Nicht so Laila, welche vor Schreck wie gelähmt dastand. Ihr Atem ging stoßweise und sie hatte das Gefühl,
alles in ihr bräche zusammen. War das hier das Ende des Tuk, das Ende der Juminas, ihr Ende? Von einem Moment auf den Nächsten rempelte sie jemand von hinten an und sie erwachte aus ihrer Starre. Grade als sie mit den anderen Juminas fliehen wollte, fiel ihr etwas auf: Wo war eigentlich Mino? Sie hatte ihn, seit das Chaos hier losgebrochen war, nicht mehr gesehen. Kurzerhand machte sie eine energische Handbewegung, als wolle sie ihre Angst, die sie dazu
zwingen wollte, mit abzuhauen, einfach wegwischen, und sie rannte, so schnell es ihre Flossen ihr ermöglichten, zurück zu ihrem vorherigen Standort. Und da sah sie ihn. Er lag, Hände und Flossen von sich gestreckt, auf dem Boden und schien ohnmächtig zu sein. Vielleicht war er bei seiner Flucht von den anderen Juminas umgerannt worden und hatte sich den Kopf angestoßen? „Mino!“, schrie Laila durch den nun noch kaum aushaltbaren Lärm des Geschosses
hindurch. Doch er reagierte nicht. Sie musste zu ihm. Er lag an genau der Stelle, wo das Flugobjekt in wenigen Sekunden landen würde! Und da traf sie eine Entscheidung. Sie handelte einfach aus dem Bauch heraus. Ihre Beine setzten sich wie in Trance von selbst in Bewegung. Sie wollte zu Mino, ihn retten, um ihn vor einem schrecklichen und heißen Tod zu bewahren. Auf einmal war ihre Angst wie weggeblasen, es war, als befehle ihr Körper ihr, so zu handeln. Schon war sie bei Mino angekommen. Sein Gesicht war rot und heiß, doch seine Hände waren eiskalt.
„Mino, bitte wach auf“, flehte sie, doch er rührte sich nicht.

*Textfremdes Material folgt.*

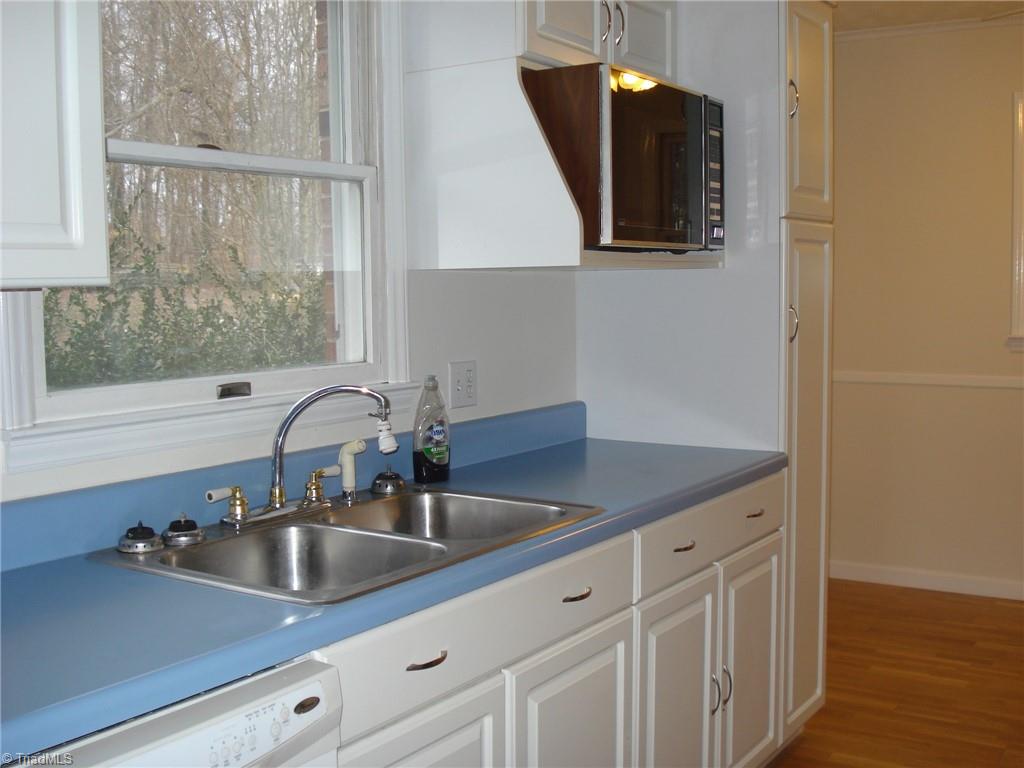 393 Bailey Road Winston-Salem, NC 27107 - Photo 7 of 34 Gallery Image 7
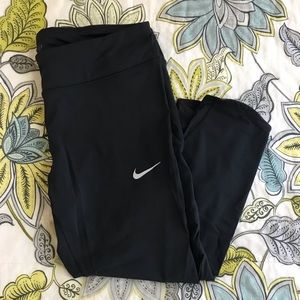 NWOT Nike Capri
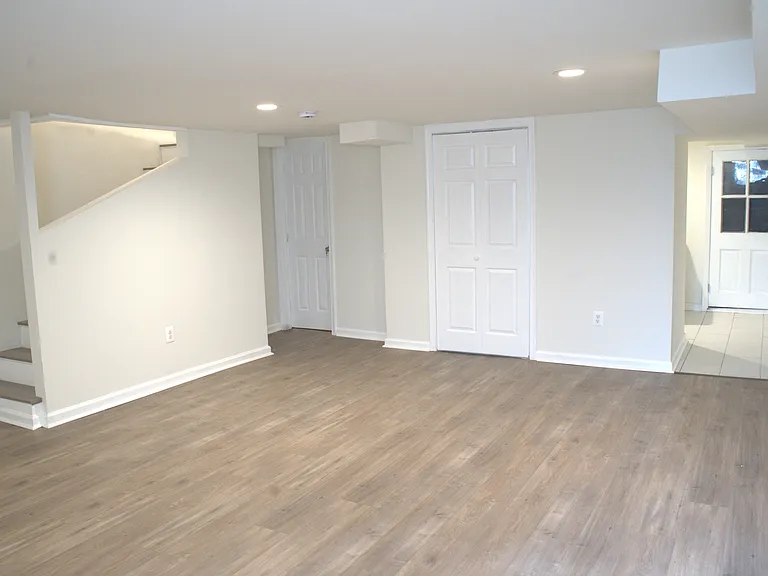 117 S Wickham Rd — Photo 96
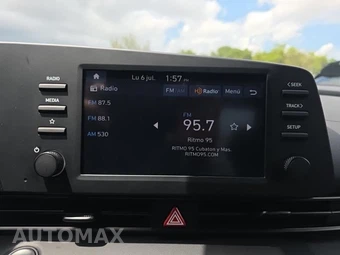 2025 Hyundai Elantra SEL Sport - miniatura 20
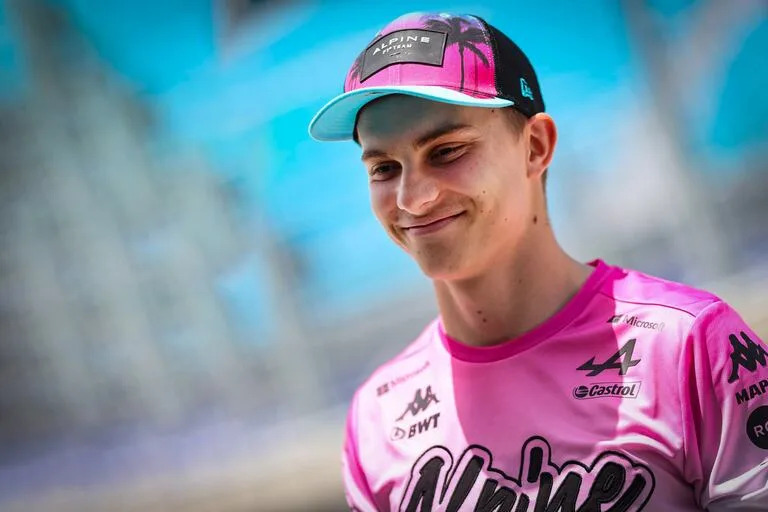 Oscar Piastri en su días junto a Alpine: el talentoso piloto australiano abandonó el equipo de Enstone y se sumó a McLaren, donde en 2023 debutó en la Fórmula 1; su arribo dinamitó las esperanzas de Álex Palou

Das Fluggeschoss war jetzt fast über ihnen. Laila hatte das Gefühl zu zerfließen, solch eine Hitze ging von dem unteren Teil der Maschine aus. Doch weglaufen kam für sie nicht in Frage. Hastig zog sie Mino hoch, hievte ihn
sich auf den Rücken und sprintete los. Sie rannte, so schnell sie ihre Beine trugen. Ihr blieben nur noch wenige Sekunden. Mino schien mit jeder Sekunde schwerer zu werden, ihre Lunge und ihre Kiemen fühlten sich an, als wollten sie im nächsten Moment zerplatzen, doch sie rannte weiter. Dann gab es einen ohrenbetäubenden Lärm und das Fluggeschoss setzte auf. Laila wurde von einem enormen Luftschub zurückgeworfen und knallte im nächsten Moment hart
auf den steinigen Untergrund. Sie spürte nur noch, wie Mino knapp neben ihr landete, und dann wurde ihr schwarz vor Augen.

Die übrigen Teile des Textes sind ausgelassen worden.